What you will do:
Beginning at the line that holds "1965 Press Photo", transcribe each line exactly through the end of the records, and leave any pictures out.

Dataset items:
-------------------------

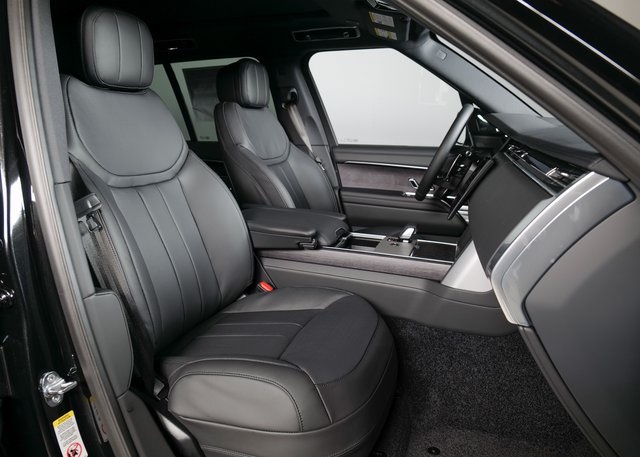 2025 Land Rover Range Rover SE photo 3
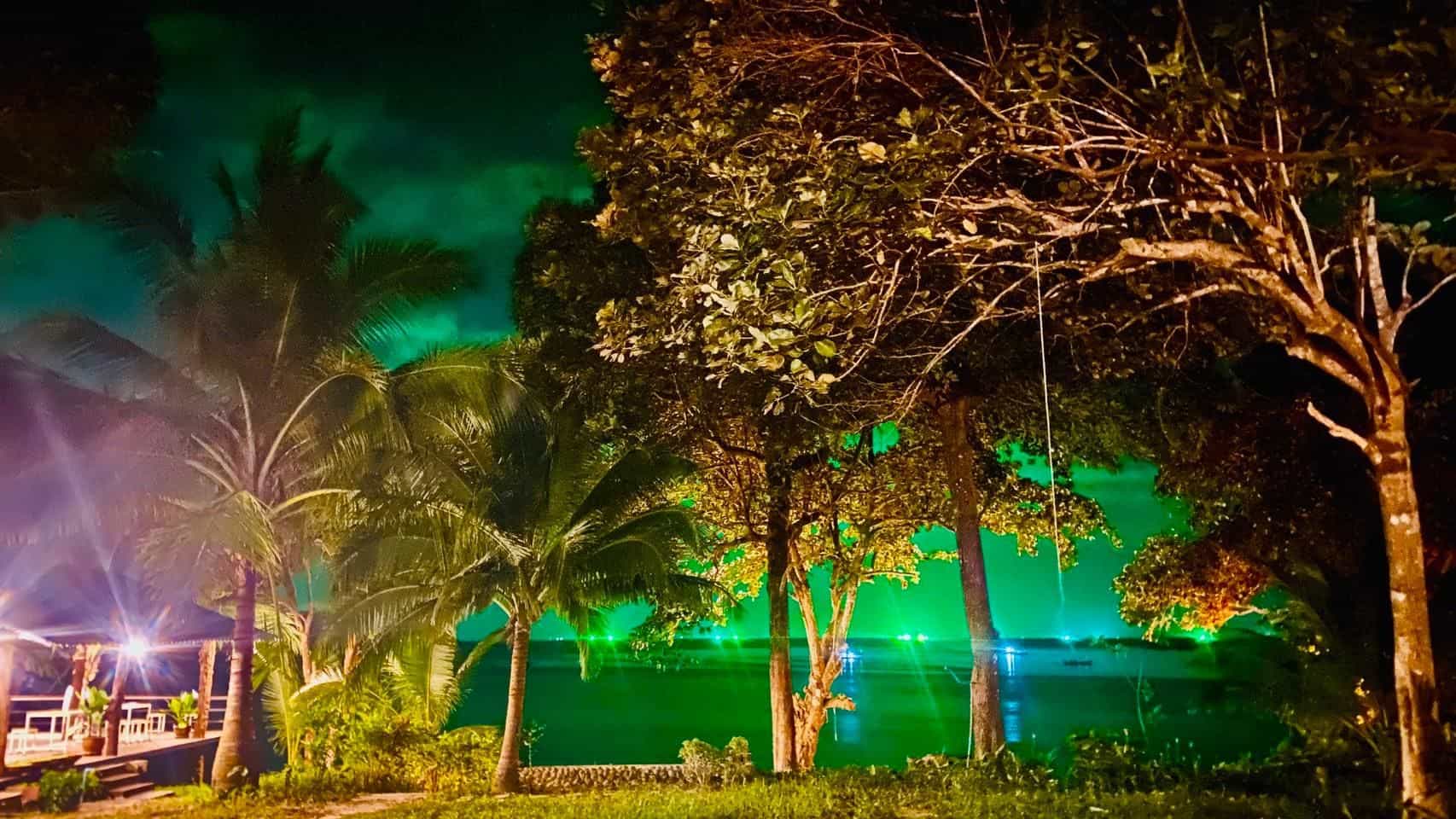 บานาน่า รีสอค์ต เกาะพยาม บานาน่า รีสอค์ต เกาะพยาม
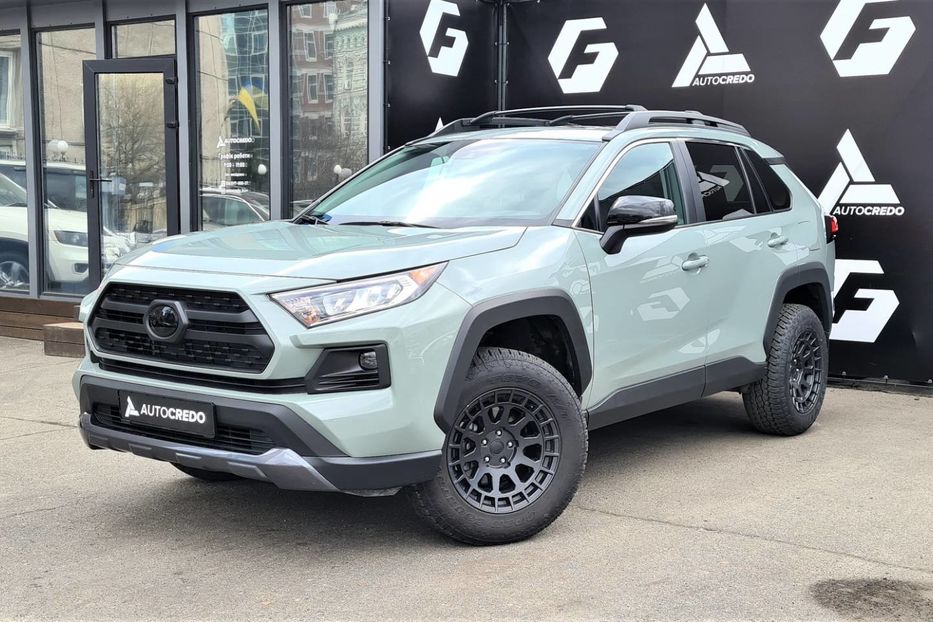 Продам Toyota Rav 4 TDR 2019 года в Киеве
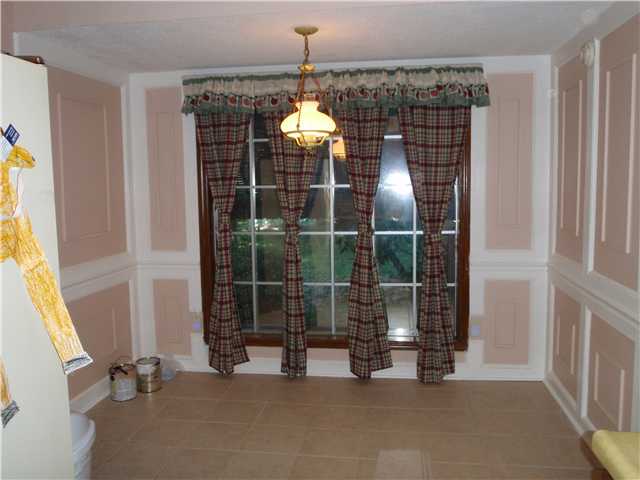 2923 Invergarry Road Memphis, TN 38128 - Photo 5 of 12 Breakfast area and kitchen feature ceramic tile and fresh paint. Watch the birds out the huge window.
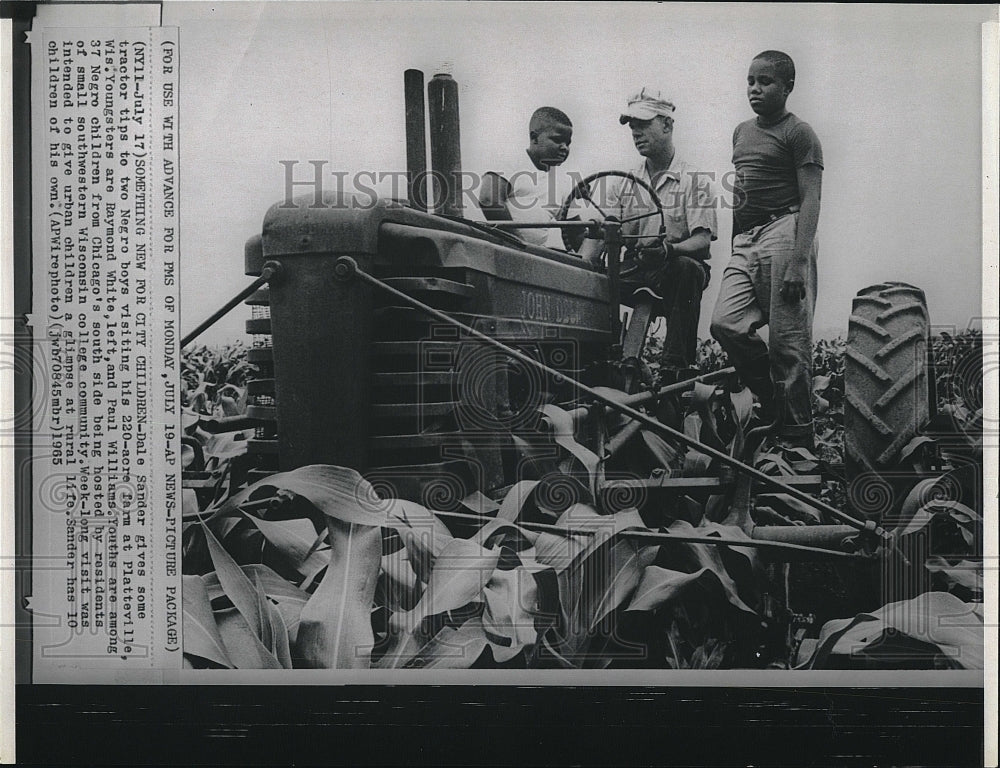 1965 Press Photo Dale Sander with some urban Chicago kids on tractor at his farm - Historic Images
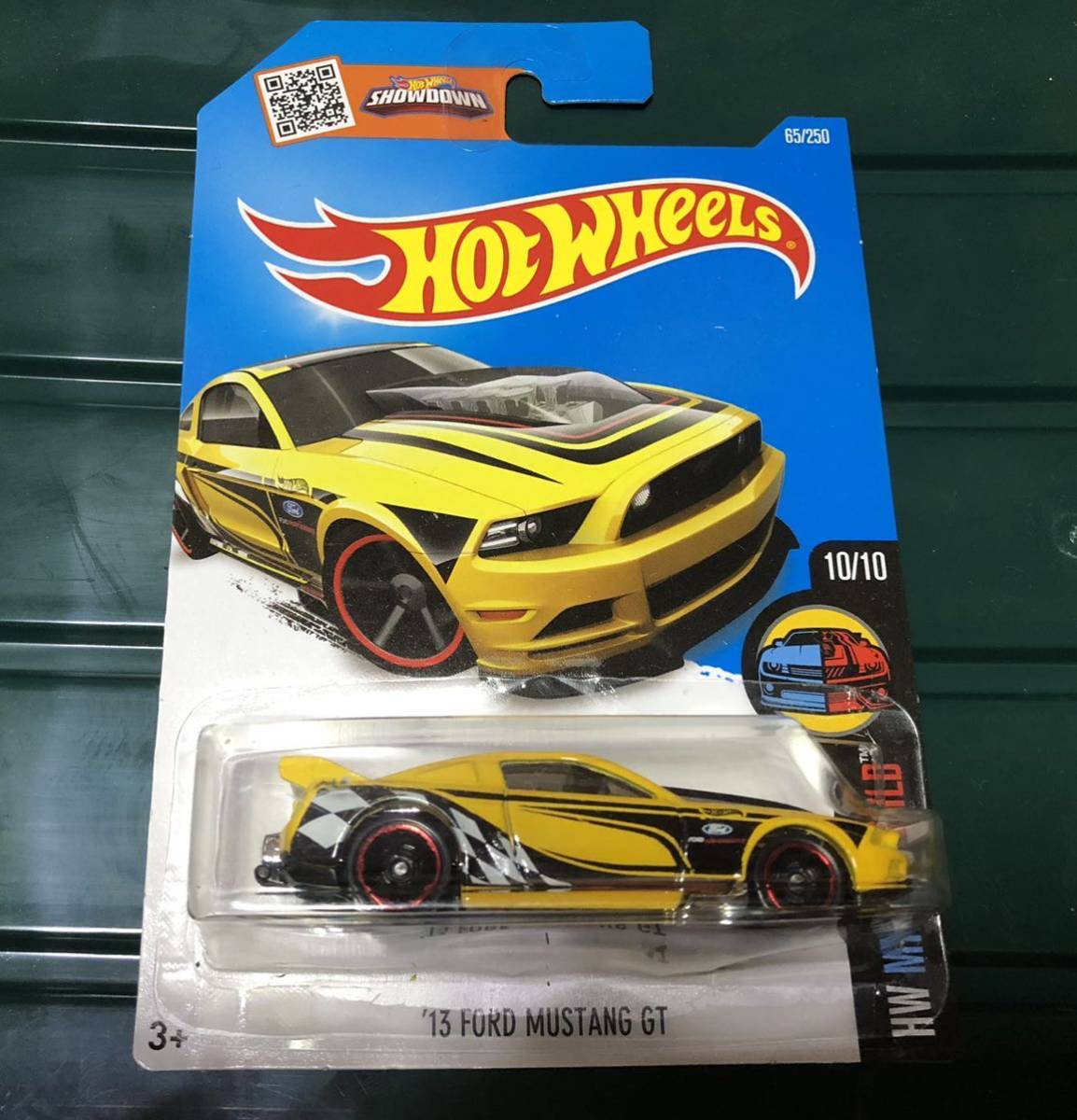 激レア・Hot Wheels Ford mustang GT 2013年 イエロー ホットウィール レーシングデカール拍卖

-------------------------

Expected answer:
 1965 Press Photo Dale Sander with some urban Chicago kids on tractor at his farm - Historic Images
 激レア・Hot Wheels Ford mustang GT 2013年 イエロー ホットウィール レーシングデカール拍卖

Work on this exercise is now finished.